=== Your assignment ===
Could you reproduce every entry as it stands, leaving the pictures behind?

=== Supplied material ===
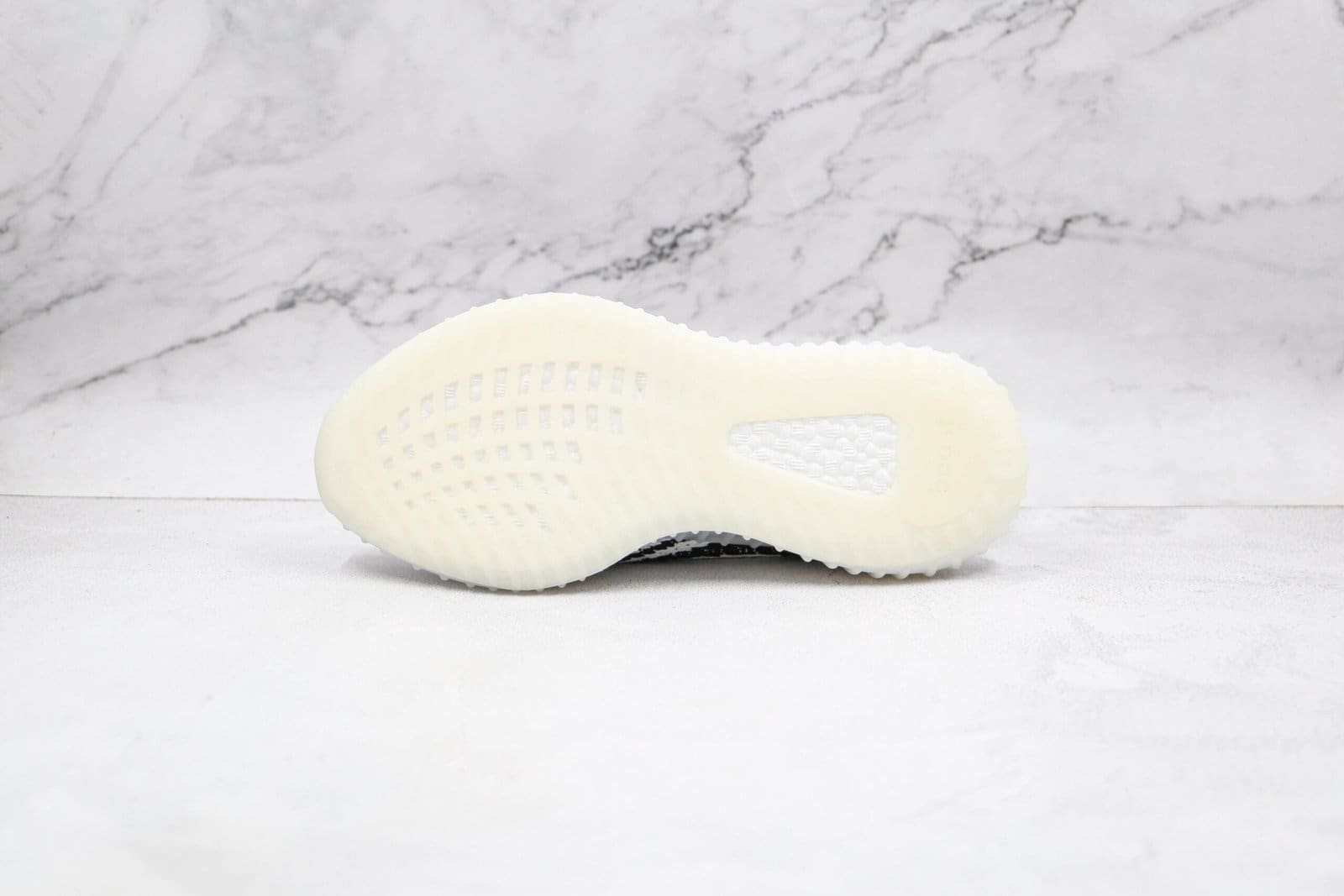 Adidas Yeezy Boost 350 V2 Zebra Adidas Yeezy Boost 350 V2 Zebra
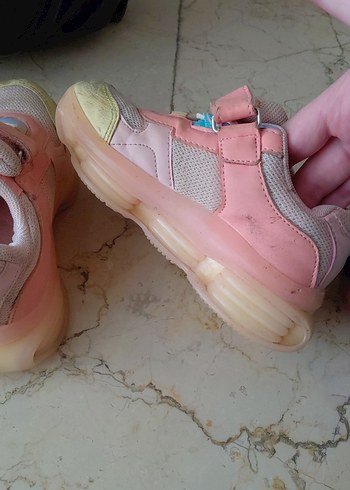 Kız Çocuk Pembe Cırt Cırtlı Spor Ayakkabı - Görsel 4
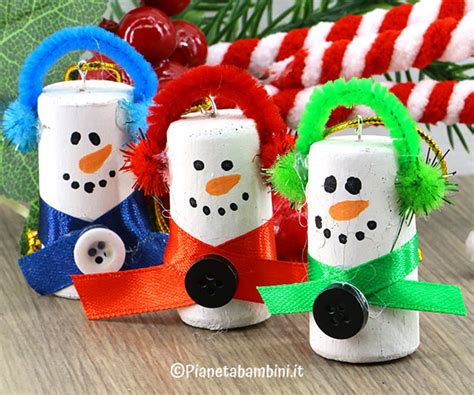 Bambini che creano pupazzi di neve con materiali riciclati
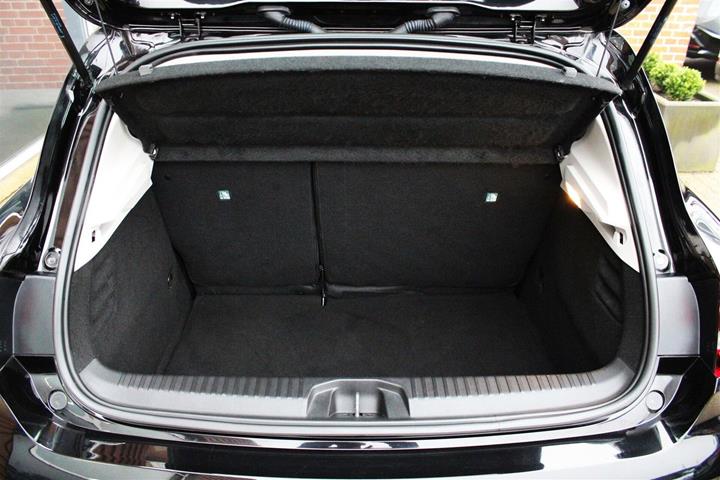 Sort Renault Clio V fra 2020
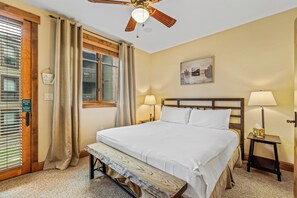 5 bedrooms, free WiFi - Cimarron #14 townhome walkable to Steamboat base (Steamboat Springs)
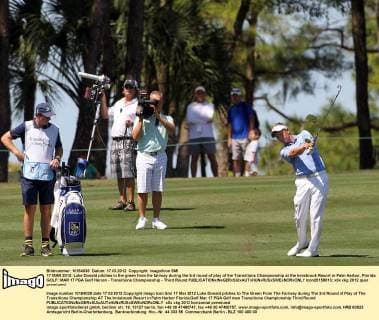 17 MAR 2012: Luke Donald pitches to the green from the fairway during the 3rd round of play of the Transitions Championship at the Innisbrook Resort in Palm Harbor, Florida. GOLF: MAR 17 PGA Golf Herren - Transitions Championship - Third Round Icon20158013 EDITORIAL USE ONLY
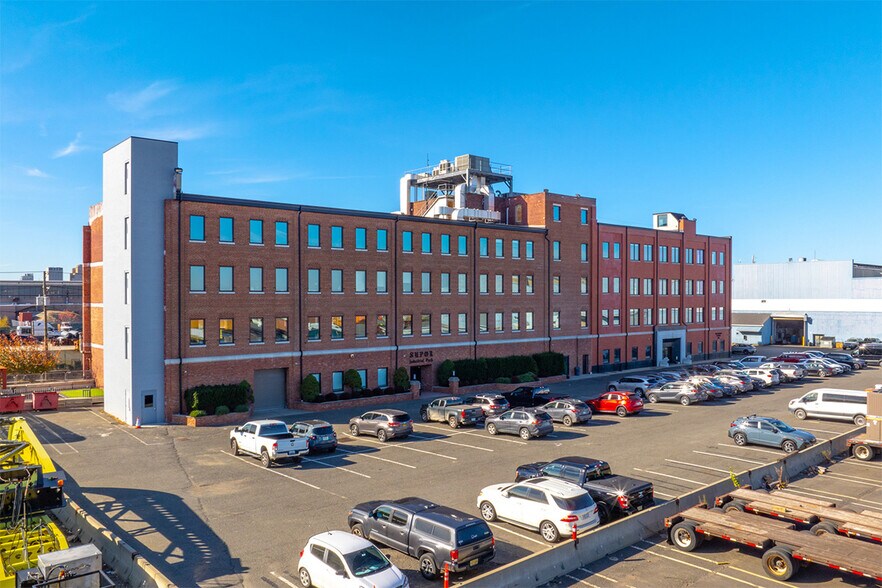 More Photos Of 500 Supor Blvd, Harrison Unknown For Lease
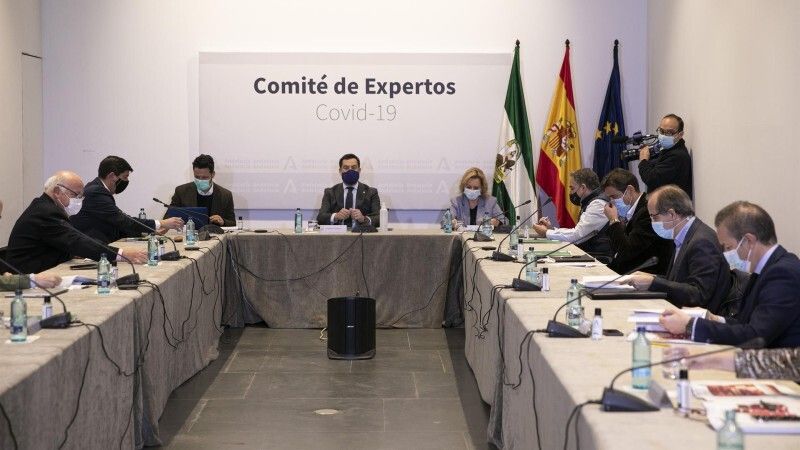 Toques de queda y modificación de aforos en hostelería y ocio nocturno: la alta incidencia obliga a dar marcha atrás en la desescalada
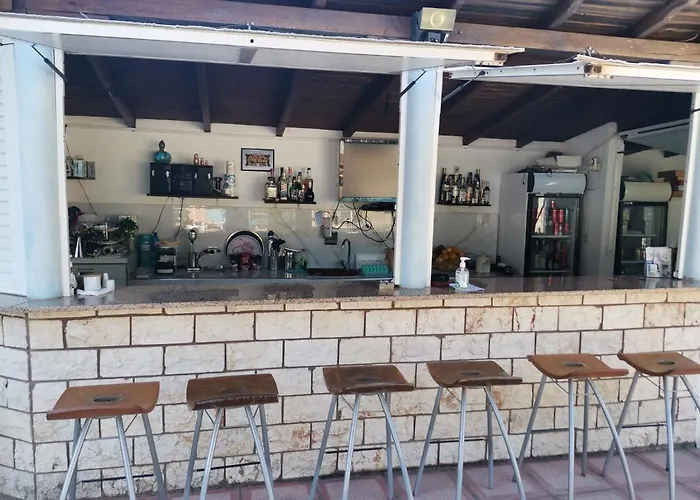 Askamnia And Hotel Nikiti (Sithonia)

=== Final answer ===
 Adidas Yeezy Boost 350 V2 Zebra Adidas Yeezy Boost 350 V2 Zebra
 Kız Çocuk Pembe Cırt Cırtlı Spor Ayakkabı - Görsel 4
 Bambini che creano pupazzi di neve con materiali riciclati
 Sort Renault Clio V fra 2020
 5 bedrooms, free WiFi - Cimarron #14 townhome walkable to Steamboat base (Steamboat Springs)
 17 MAR 2012: Luke Donald pitches to the green from the fairway during the 3rd round of play of the Transitions Championship at the Innisbrook Resort in Palm Harbor, Florida. GOLF: MAR 17 PGA Golf Herren - Transitions Championship - Third Round Icon20158013 EDITORIAL USE ONLY
 More Photos Of 500 Supor Blvd, Harrison Unknown For Lease
 Toques de queda y modificación de aforos en hostelería y ocio nocturno: la alta incidencia obliga a dar marcha atrás en la desescalada
 Askamnia And Hotel Nikiti (Sithonia)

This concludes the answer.